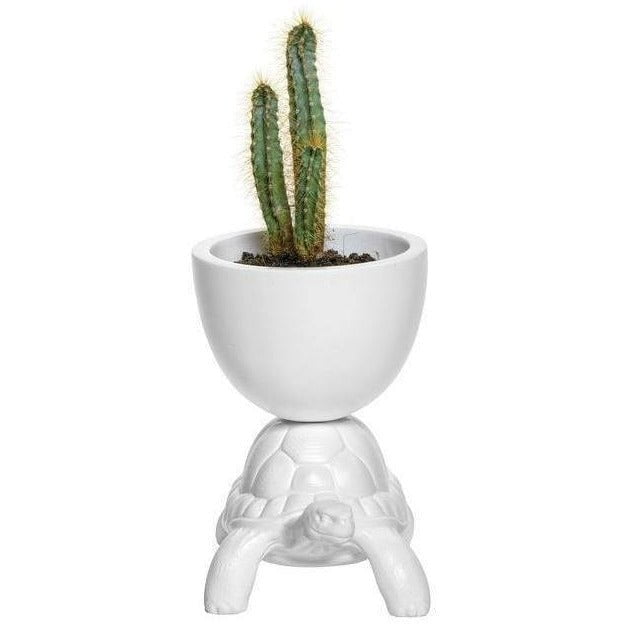 La tortue QEEEOO porte le pot de fleur XS, blanc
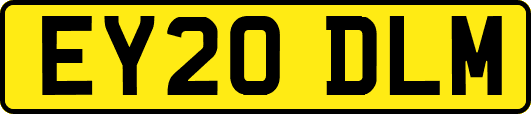 EY20DLM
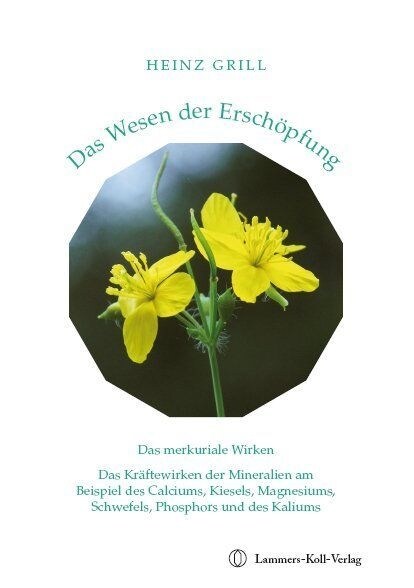 Das Wesen der Erschopfung (Paperback)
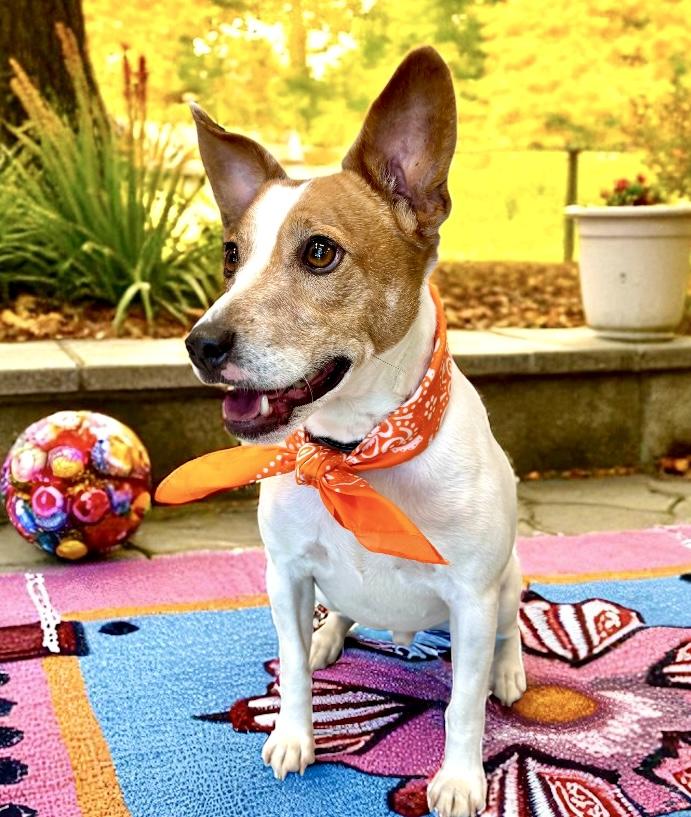 Roscoe, a Adoptable Jack Russell Terrier in Perry, IA image 6/6
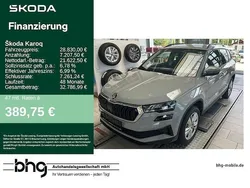 Grau Gebraucht 2024 Skoda Karoq Selection SUV | 28.830 € (Guter Preis)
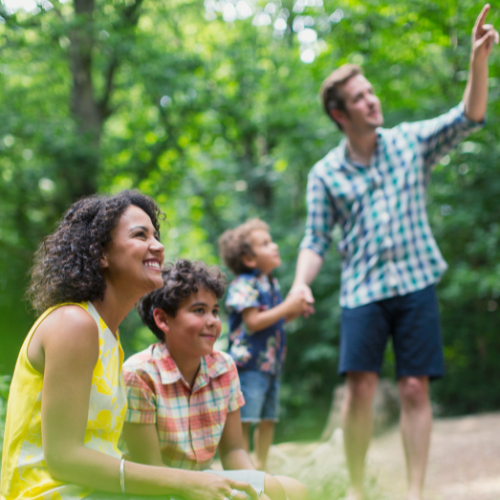 A family enjoying nature: a woman and two boys looking up, while a man points at something in the trees.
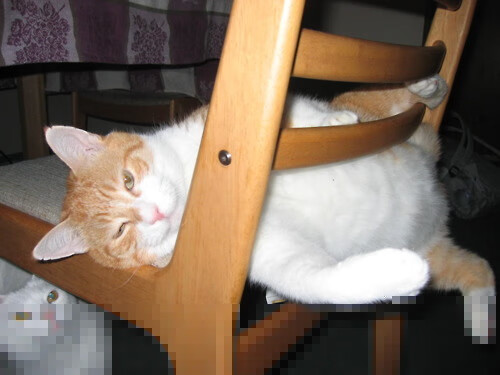 阿坎吉爆发，从拉齐奥巅峰对决汲取灵感，瑞士力克几内亚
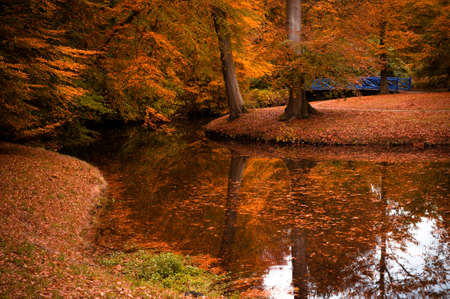 Beautiful autumn colors in the forestの写真素材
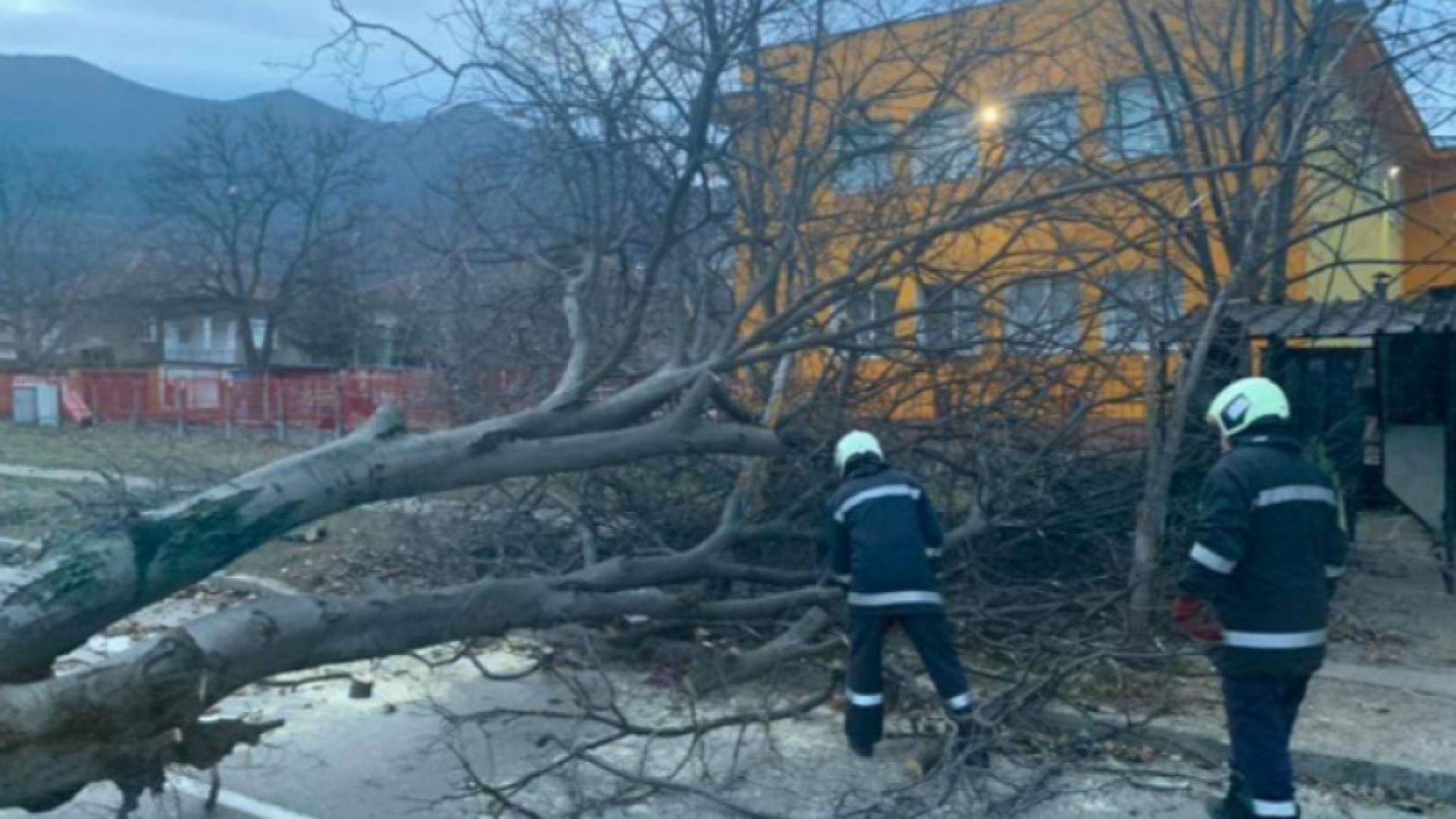 394 души са загубили живота си в Европа през 2019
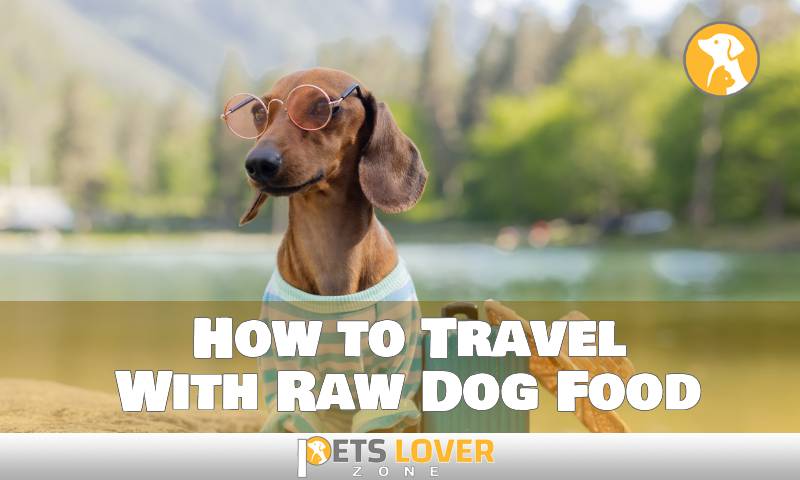 How to Travel With Raw Dog Food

* * * *

→ Task details: Write out the listing above exactly as it stands, pictures excluded.

→ Response:
 La tortue QEEEOO porte le pot de fleur XS, blanc
 EY20DLM
 Das Wesen der Erschopfung (Paperback)
 Roscoe, a Adoptable Jack Russell Terrier in Perry, IA image 6/6
 Grau Gebraucht 2024 Skoda Karoq Selection SUV | 28.830 € (Guter Preis)
 A family enjoying nature: a woman and two boys looking up, while a man points at something in the trees.
 阿坎吉爆发，从拉齐奥巅峰对决汲取灵感，瑞士力克几内亚
 Beautiful autumn colors in the forestの写真素材
 394 души са загубили живота си в Европа през 2019
 How to Travel With Raw Dog Food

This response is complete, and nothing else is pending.